O presente texto pretende estudar o homem, animal rationalis. A ordem na qual procederemos será, formalmente, a mesma adotada pela Summa Theologiae I, quaestiones 75 a 77. Evitando dar uma feição apologética a nossa expositio de homine, o texto se concentrará mais na respondeo de cada questão, só recorrendo às respostas às objeções quando isto se fizer necessário para o esclarecimento do próprio argumento expositivo. Alguns enxertos na ordem proposta serão feitos, sem, no entanto, quebrá-la, pois a abordagem do Aquinate acerca do homem não se resume às questões acima citadas.
A ordem será essa: primeiro, consideraremos a natureza do homem. E, na consideração da sua natureza, a alma humana ocupará lugar privilegiado, sendo que o corpo só será contemplado em nossa análise, enquanto estiver relacionado com a alma. Agora bem, quanto à alma, será objeto de estudo primeiro o que concerne à sua essência, depois o que seja conducente à sua potência. Consoante a própria essência da alma, duas coisas elegeremos como objeto de análise: a alma em si mesma e a alma no que se refere à sua união com o corpo.
Com respeito à alma em si mesma, o objeto da nossa pesquisa será: saber se a alma é um corpo; se ela é algo subsistente; se o homem é sua alma ou se é um composto de corpo e alma; se a própria alma é composta de matéria e forma; se ela é incorruptível; enfim, se a alma humana é da mesma espécie que a do anjo.

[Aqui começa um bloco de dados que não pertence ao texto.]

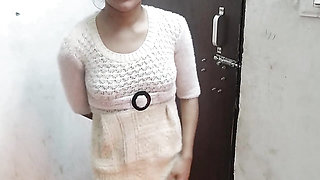 Buaa ki ko ghar me band kar ke pel diya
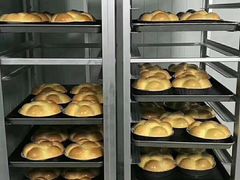 -龙兴·动物奶油生日蛋糕(龙北店)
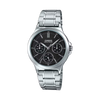 Casio Ladies Chain LTP-V300D-1AUDF | 5322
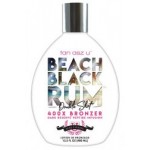 Beach Black Rum 13.5 oz.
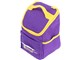 2WAY�\�t�g�N�[���[�o�b�O CL1-238 [�p�[�v��]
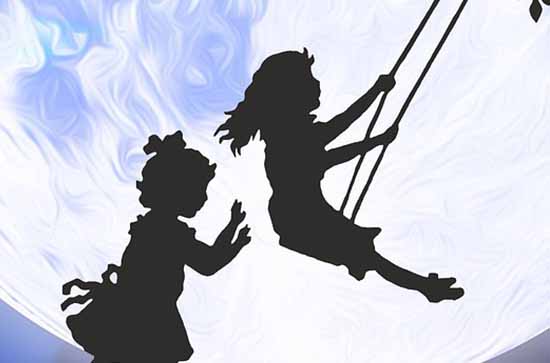 六一儿童节美好的寄语(100句)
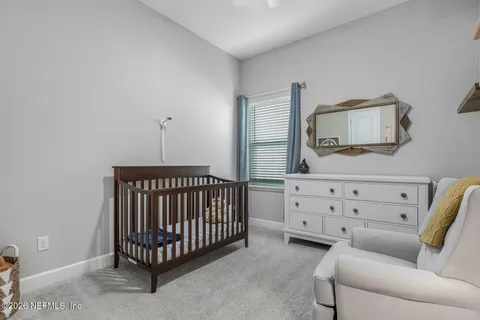 $785,000 | 76 Sawyer Brg Trail, Ponte Vedra, FL 32081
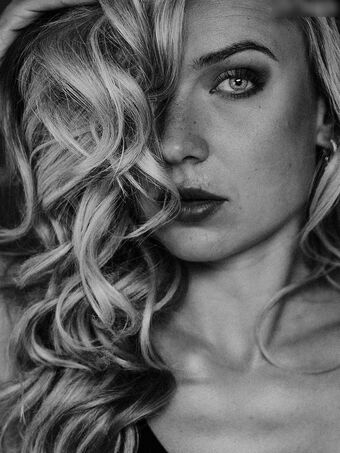 Joy Beune Nagie Wycieki OnlyFans Zdjęcie 52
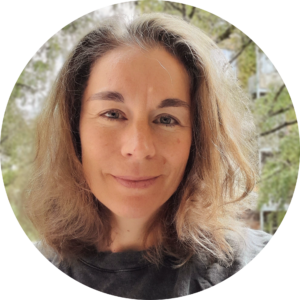 Portrait_Juli23-modified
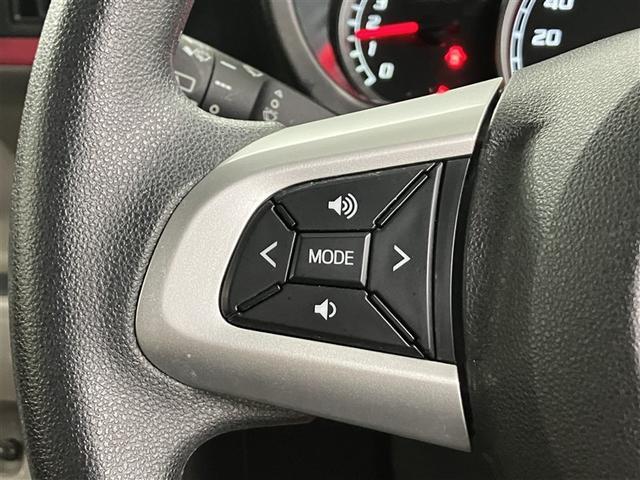 ���d�b�̍ۂɁu�O�[�l�b�g�������v�Ƃ��`��������΃X���[�Y�ɂ��ē��o���܂��B�O�T�U�R�|�T�T�|�V�O�V�O�@�O�[�l�b�g�S���@�����܂ł��C�y�ɂ��₢���킹�������I�ԗ���Ԃ̊m�F�A�݌ɏ󋵂̊m�F�����ł��n�j��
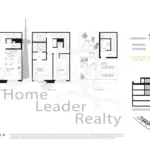 Lot-16-Towns-Pelham-343-Floorplan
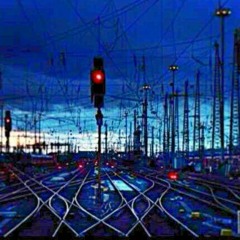 BONUSTRAXX Serving sentences featuring L.S. BABOS., FORMULA 9 ,   at T-MINUS IMEDIATELY by chris frankel... now were cooking with crisco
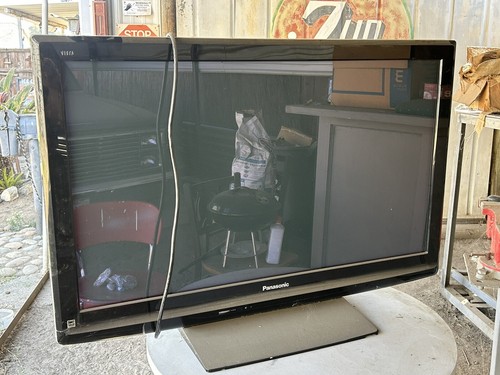 Panasonic works - panasonic, tv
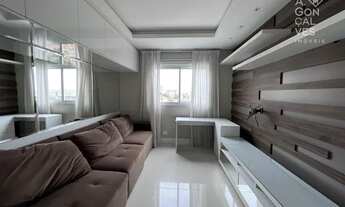 Imagem 4: Cobertura 3 quartos, 2 garagem, Água Verde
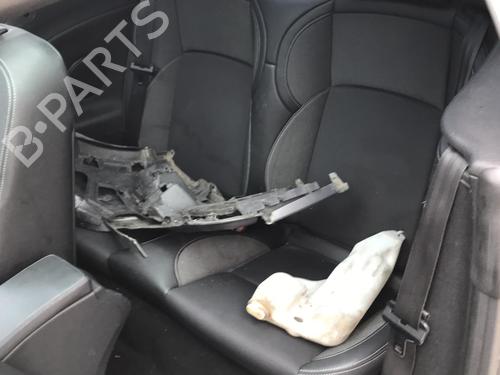 Steering column stalk RENAULT MEGANE CC (EZ0/1_) 1.9 dCi (EZ0J, EZ1S) | BP28142371I23 - Image 30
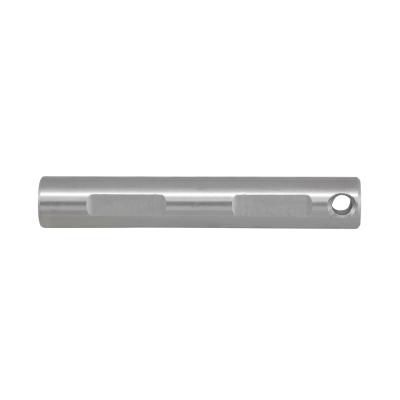Model 35 Standard Open Cross Pin Roll Pin Design 0.685 Inch Dia Not Tracloc Yukon Gear &amp; Axle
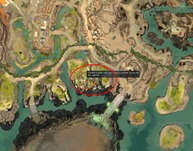 gw2-roller-beetle-guide-36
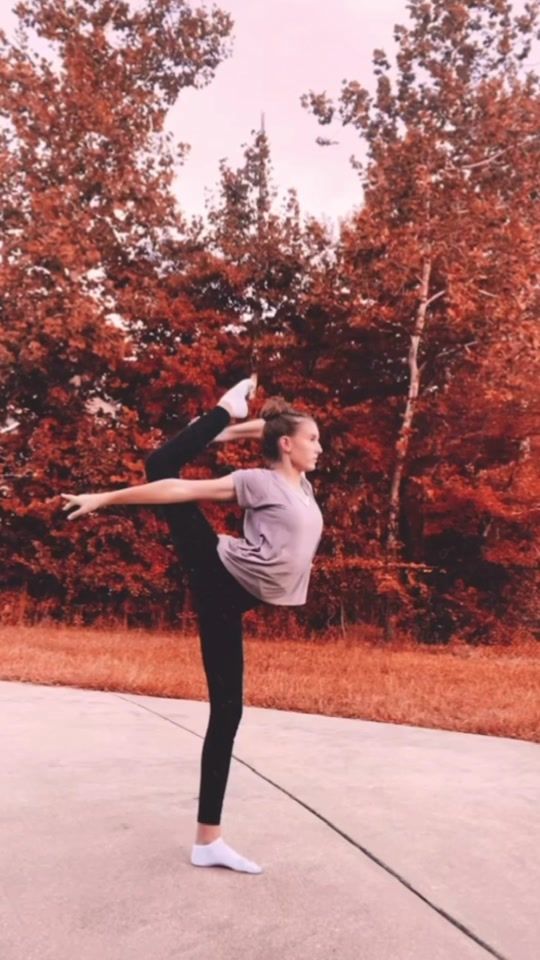 TikTok video thumbnail by abi_gym
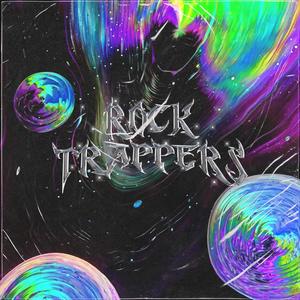 ROCKTRAPPERS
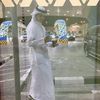 mo32_q8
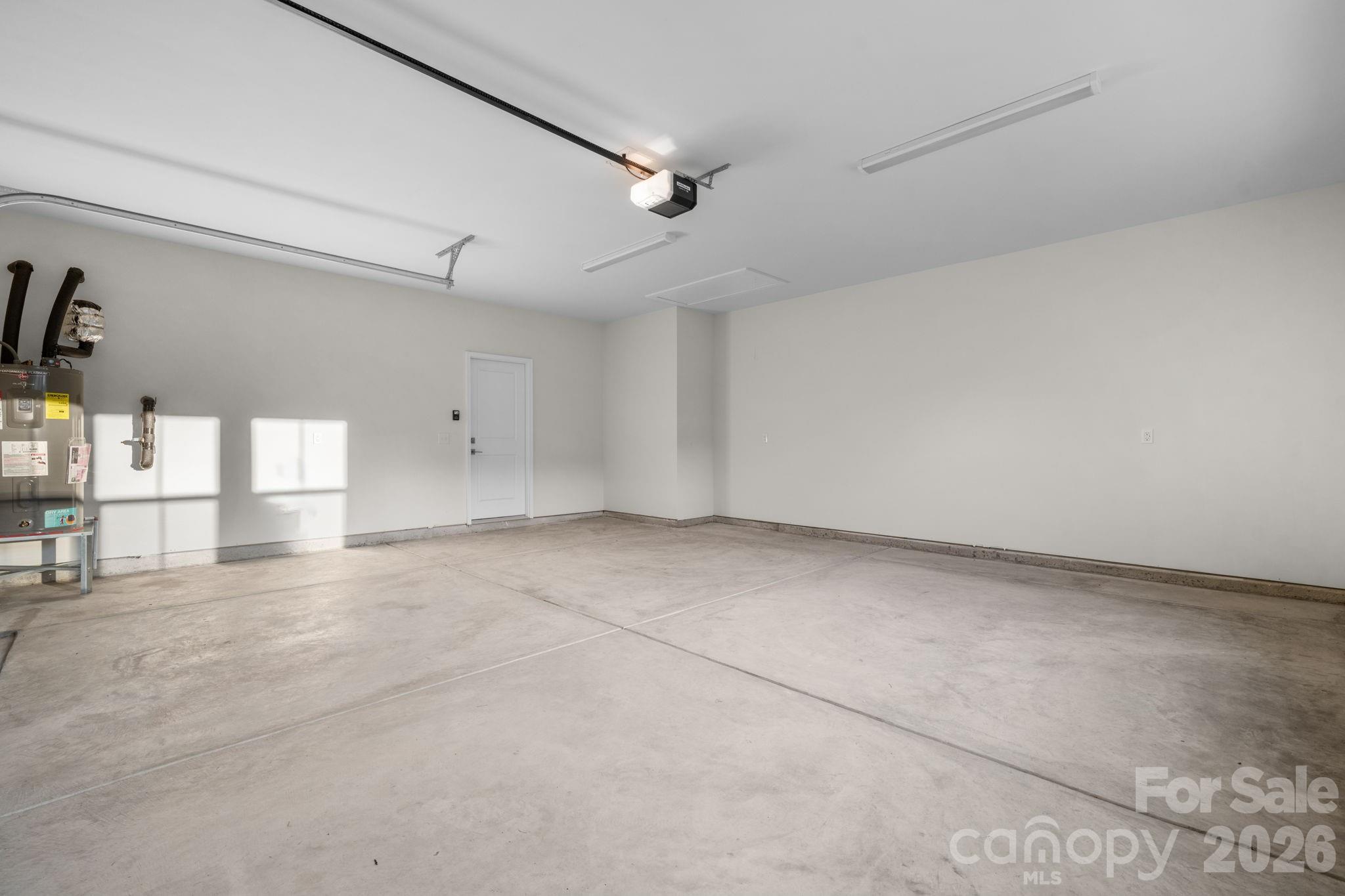 520 Allen Way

Nesta questão inserimos, de nossa parte, a diferença entre princípio de individuação e princípio de individualidade.
No que se refere à união da alma com o corpo, contemplaremos, em nossa investigação: se o princípio intelectivo se une ao corpo como forma; se este princípio se multiplica numericamente com a multiplicação dos corpos ou se há um princípio intelectivo para todos os homens; se em um corpo que tem um princípio intelectivo como forma, há outra alma; se pode haver, num mesmo ente, mais de uma forma substancial; se o corpo humano é apto para receber o princípio intelectivo; se este princípio intelectivo se une ao corpo mediante outro corpo ou intermediário; se a ele está unido por acidente, e se alma está tota em toda parte do corpo.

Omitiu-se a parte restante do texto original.